A cautionary joke, perhaps, at the expense of the reader? I did briefly wonder whether the whole trilogy was Coetzee having a laugh, but on the strength of his other work that seems out of character, despite the critic Anthony Cummins’s pronouncement that the first book is “a dark comedy” (I’m suspicious, too, of anyone who claims to find Kafka really funny). So what is it actually like to read these books? Having just done so for the first time, in relatively quick succession, my initial reaction was relief: from the baffling summaries in various reviews, I was expecting a slog. In fact the story as a whole slips along quite easily, which is an impressive feat given how little sense it makes.

Simón and David look for a mother for David, settling on a woman called Inés; although there’s no proof that she is related to David, Inés willingly takes on the role. Simón goes to work as a stevedore. David has trouble fitting in at school; he struggles, in particular, with numbers. “Put two apples before him. What does he see? An apple and an apple: not two apples, not the same apple twice, just an apple and an apple.” The state wants to send him away to a school for children “who won’t obey the rules for addition and subtraction laid down by their class teacher. The man-made rules. Two plus two equalling four and so forth”.

Simón and Inés decide to evade the authorities and take David to a different city, Estrella. This is where The Schooldays of Jesus begins. In Estrella David is enrolled at Señor Arroyo’s Academy of Dance, where he is taught by the beautiful Ana Magdalena. She explains to the parents that their understanding of numbers is incomplete. “The numbers you have in mind, the numbers we use when we buy and sell, are not true numbers but simulacra. They are what I call ant numbers.” She teaches the children to dance in order to “call the numbers down from where they live among the aloof stars”.

The reader – who can’t experience this transcendental dancing – is in a similar position to the phlegmatic Simón. He can see that David dances beautifully, but he can’t “see numbers” in the dance. “It’s a failing on my part”, he admits. “I see only what is before my eyes … I stumble along behind, hoping for the day to come when my eyes will be opened and I will behold the world as it really is, including the numbers in all their glory, Two and Three and the rest of them.”

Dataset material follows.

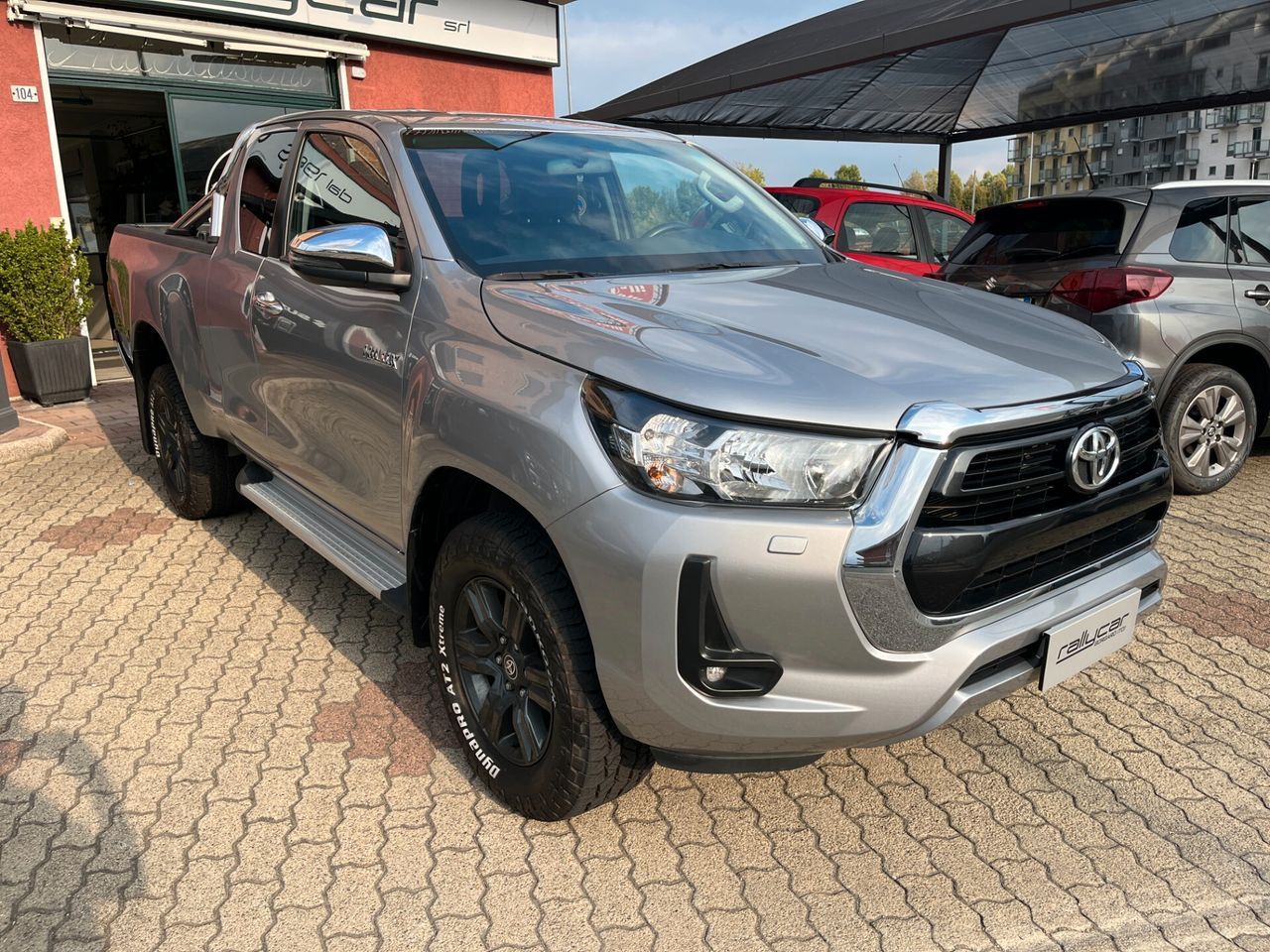 Toyota Hilux 2.4 D4D 4WD 2+2p cassone lungo - 35 imagem 3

Towards the end of Schooldays, Ana Magdalena is murdered by her obsessive lover, a museum guard called Dmitri who is friendly with several of the children at the Academy, including David. Dmitri’s passion highlights Simón’s typical Coetzeean aridity, as well as the shortcomings of the legal system. “What we lack is some understanding of why you committed this senseless, gratuitous act”, Dmitri is told by the court. Dmitri can’t explain himself and he doesn’t want to. The court needs a reason for his behaviour, ideally mental instability. David, who sees things differently, becomes a saviour figure for Dmitri. “You took one look at me and understood me at once”, Dmitri tells him, gratefully. “I understand you and I don’t forgive you. I’ll never forget that.”

Every reviewer of the first two books had a different take on what they might mean. The best explanation I read was Leo Robson’s in the TLS. Robson cleverly drew our attention to Coetzee’s comments on the 2008 financial crisis – which he described as conceptual in origin, forged in the “quantificatory spirit” – finding in them the genesis of this fictional world where numbers have both functional and mystical roles to play.